The Formal Female
01. Formal Female - 11:57
02. Want Machine - 11:16
03. My Bundle Of Joy - 9:21
04. Where Have You Been - 6:09
05. Mansions - 7:02
*JW Farquhar - Vocals, Harmonica, Rhythm Guitar, Pedal Bass
*Riffery Lowknut - Fender Bass
*Slash Mullethead - Percusions
*Callust Likfinker - Lead Guitar
Here’s an odd brew of a record, rescued by Shadoks from the oblivion of 1972 Philadelphia. JW Farquhar was undergoing a brutal divorce when he barricaded himself in his apartment and recorded this one-man assault on the female race.
The sound is similar to the Stone Harbour album in its grim murk, from out of which Farquhar conjures moments of intense psychedelic queasiness. The style is a curious mixture of psych, blues, folk and funk overlaid with a weird vocal that ranges from a grizzly mumble to put-on weirdo voices.
The fuzzy, tuneless burp through the Wedding March that closes the first track leaves you with no doubt as to Farquhar’s views on his ex-wife and womanhood in general. The misanthropy and misogyny present in every track might leave a lot of people cold, but personally I found it a bitter pleasure. Not one I’d recommend to everyone but if you like that dark, raw basement sound, then this is the one for you.
by Austin Matthews
All tracks were recorded by JW Jarquhar in 1972. The songs on The Formal Female were written as an outcry against the materialistic nature of the woman during that time period in 1972. Many will tell you it is still that way.

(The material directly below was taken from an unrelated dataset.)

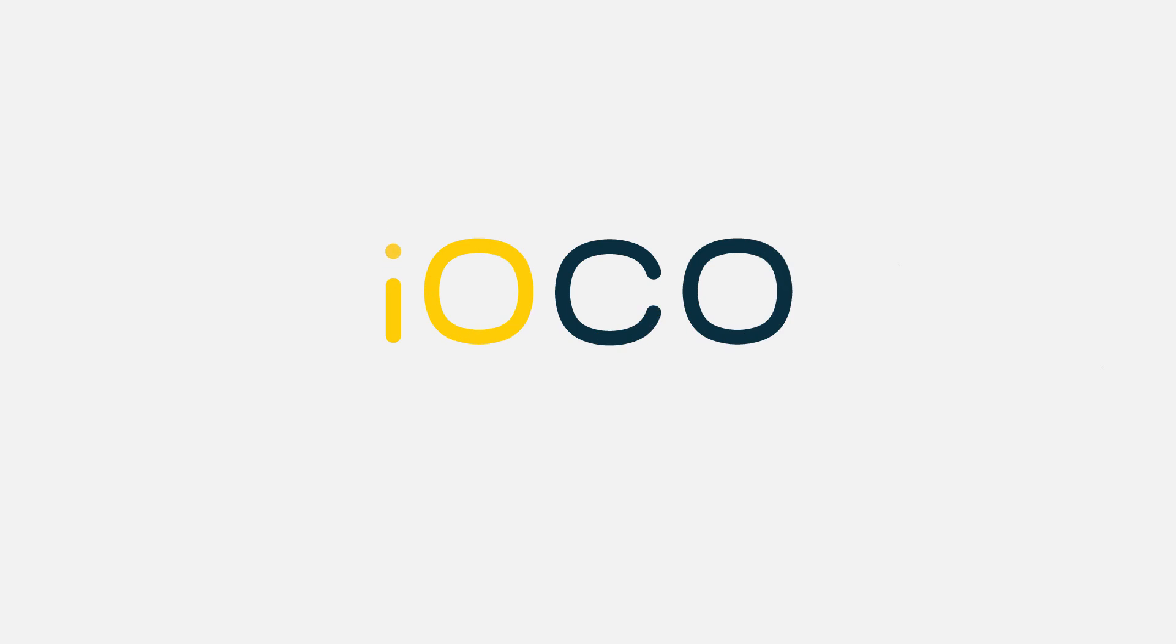IOKO. Empowering business and society through people and technology.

JW had recently extricated himself from a 10 year marriage and the words from this experience fit the lyrics on the album still. During that time he lived by himself in a 3rd floor apartment in Philadelphia. It was a street with a lot of traffic.

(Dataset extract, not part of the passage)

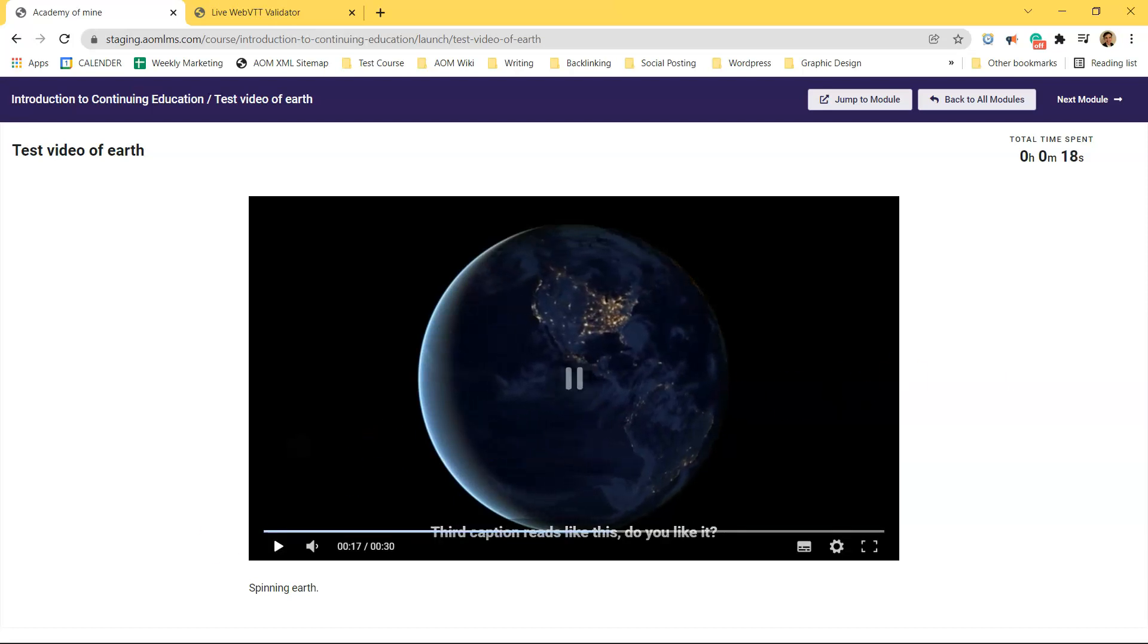Thanks so much everyone. I hope this helps and make sure to subscribe for more amazing LMS content coming directly from Academy of Mind.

Car horns, busses, police sirens, fire engines, screams, and sometimes even gunshots filled the airwaves. For this reason he sealed up the windows and any other openings with sound-proofing foam. This was necessary because his music was recorded in there. JW was the instrumentalist; rhythm guitar, lead guitar, drums, vocals, and bass. However he could not play them all at once, so he purchased a four track simulsync Teac recorder... professional version.

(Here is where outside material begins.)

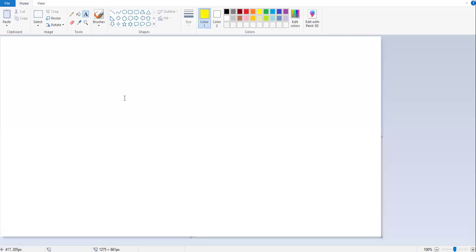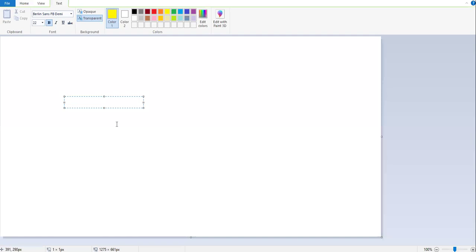When you are going to insert the text box into the paint, the paint gives you a facility to change the color of the text. So I am going to insert the text box. So I inserted the text box in MS Paint.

This allowed him to record on one track and then play it back and separately record on a second, third, and fourth track. The original tracks were recorded at 15 IPS. A final mix was then made in stereo with yet a fifth overdub, when needed. At that time other effects were limited. It is amazing electric fuzz album full of effects and it's a masterpiece such as D.R. Hooker.